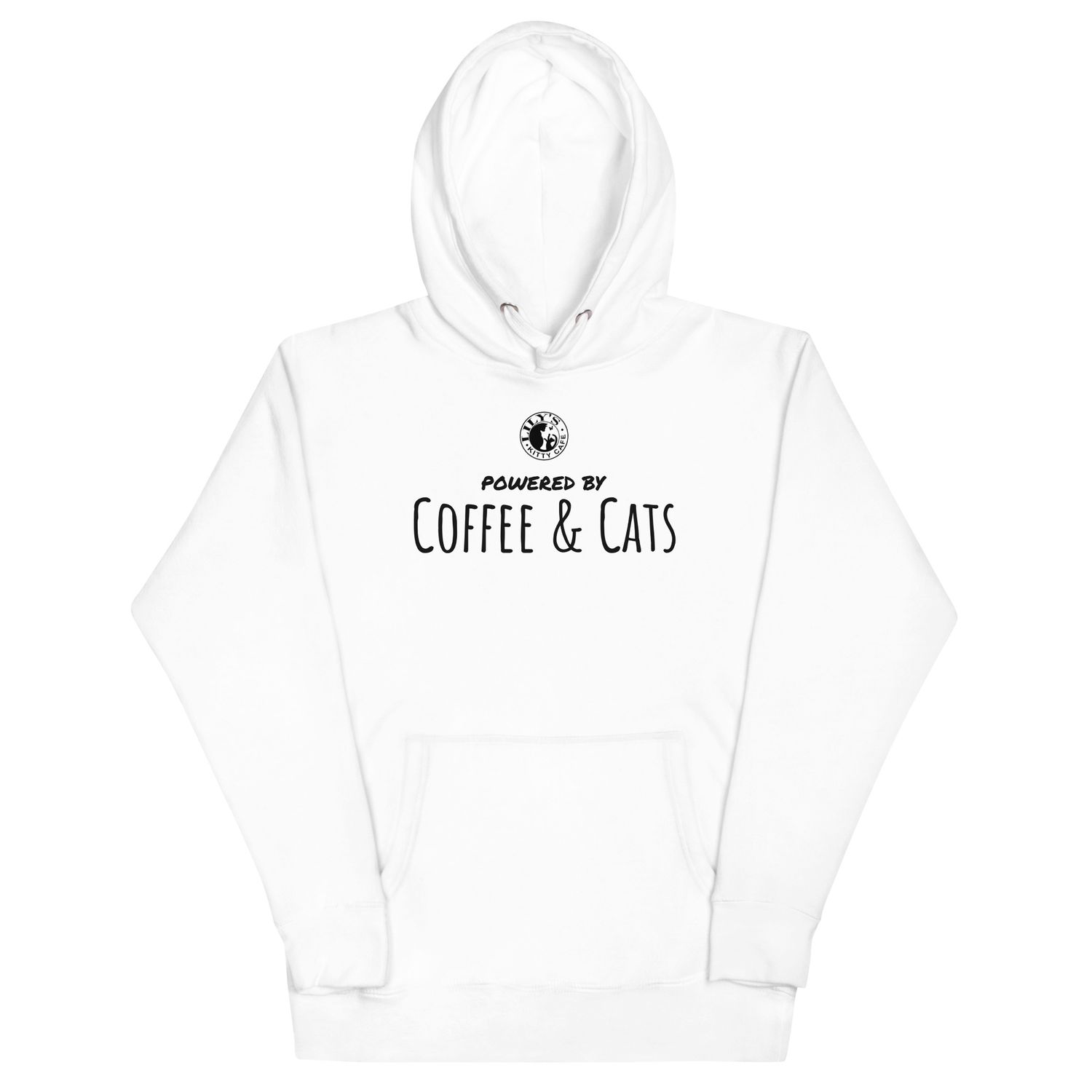 Lily’s Kitty Café Hoodie – Powered by Coffee & Cats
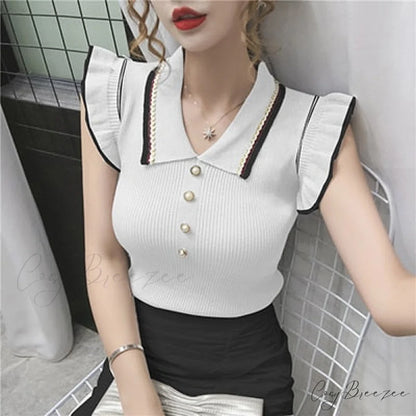 Women Crop T-shirts Tee Ruffles Knitted Korean Slim Tops Sleeveless Turn-down Blouse Neckline Femme white / One Size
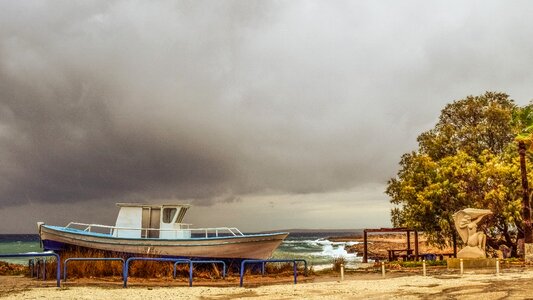 Beach storm rainy day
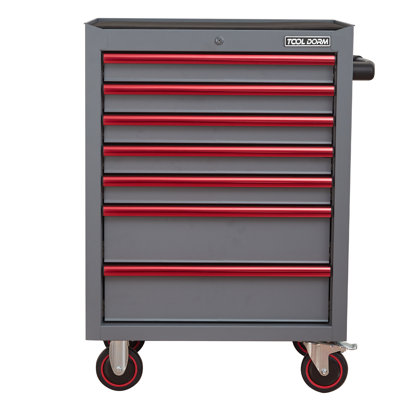 26.7inch Rolling Toolbox Tool Cabinets With 7 Drawers, Metal Tool Chest With Wheels, Grey Colour, Tool Cart For Garage, Warehouse, Repair Shop, Workshop(7 Drawers-grey)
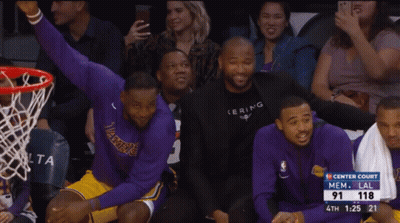 A Basketball Game Is Being Played Between The Lakers And Memphis Grizzlies GIF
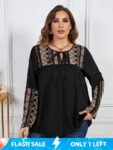 Plus Black Floral Patchwork Tie Neck Ruched Blouse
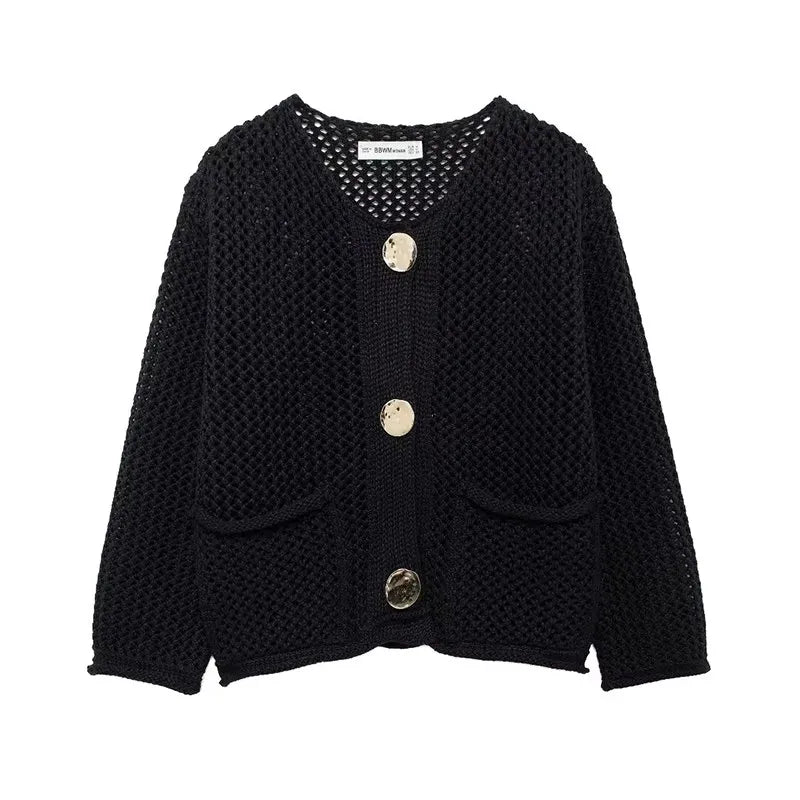 Women's Long Mesh-Knit Cardigan with Front Pockets and Gold-Tone Buttons 4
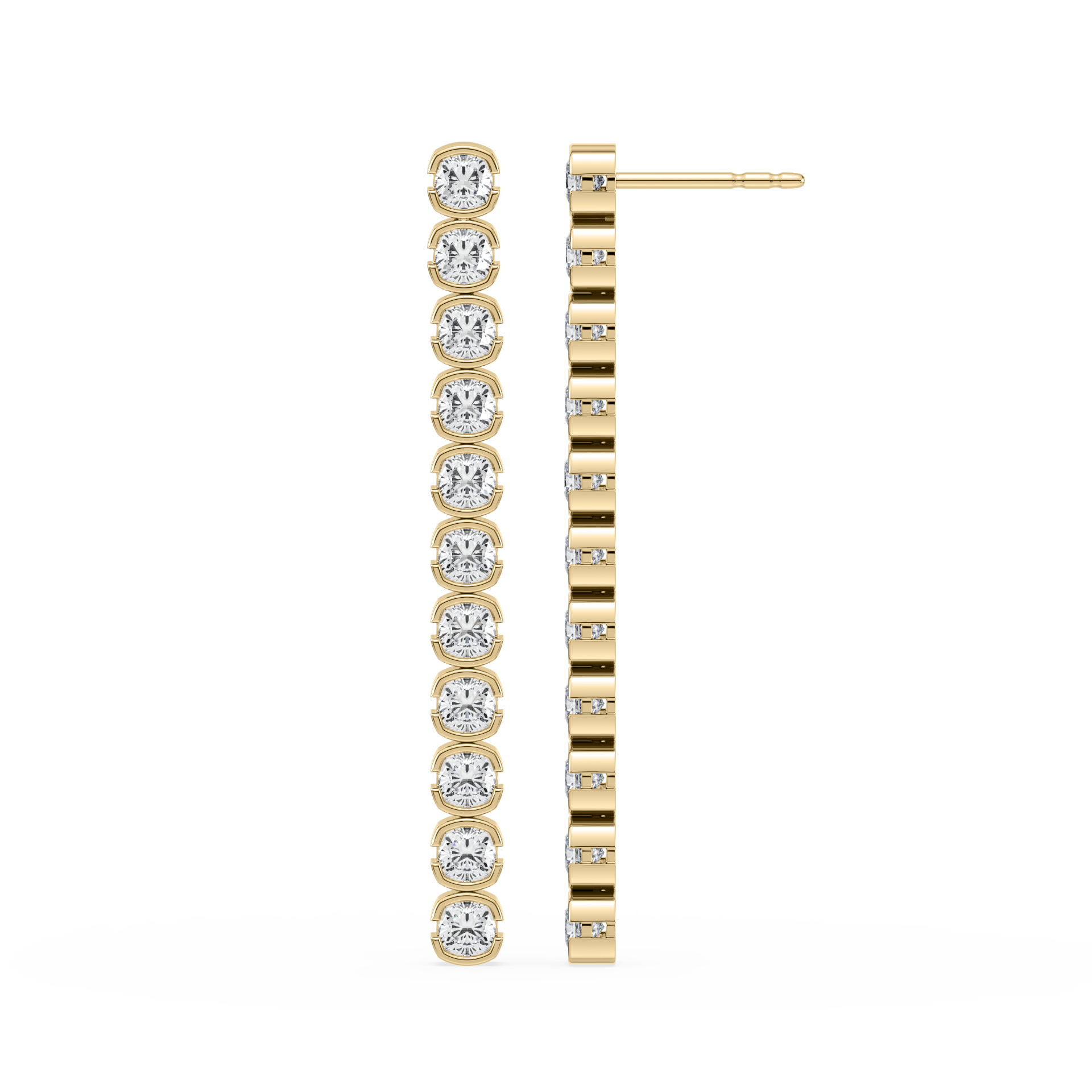 SETTE JEWELRY; MUSE CUSHION LAB DIAMONDS DANGLE EARRINGS; 14K YELLOW GOLD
--------
_WORK ITEM:_ Would you write each entry out again exactly, omitting the images?

_COMPLETED TASK:_
 Lily’s Kitty Café Hoodie – Powered by Coffee & Cats
 Women Crop T-shirts Tee Ruffles Knitted Korean Slim Tops Sleeveless Turn-down Blouse Neckline Femme white / One Size
 Beach storm rainy day
 26.7inch Rolling Toolbox Tool Cabinets With 7 Drawers, Metal Tool Chest With Wheels, Grey Colour, Tool Cart For Garage, Warehouse, Repair Shop, Workshop(7 Drawers-grey)
 A Basketball Game Is Being Played Between The Lakers And Memphis Grizzlies GIF
 Plus Black Floral Patchwork Tie Neck Ruched Blouse
 Women's Long Mesh-Knit Cardigan with Front Pockets and Gold-Tone Buttons 4
 SETTE JEWELRY; MUSE CUSHION LAB DIAMONDS DANGLE EARRINGS; 14K YELLOW GOLD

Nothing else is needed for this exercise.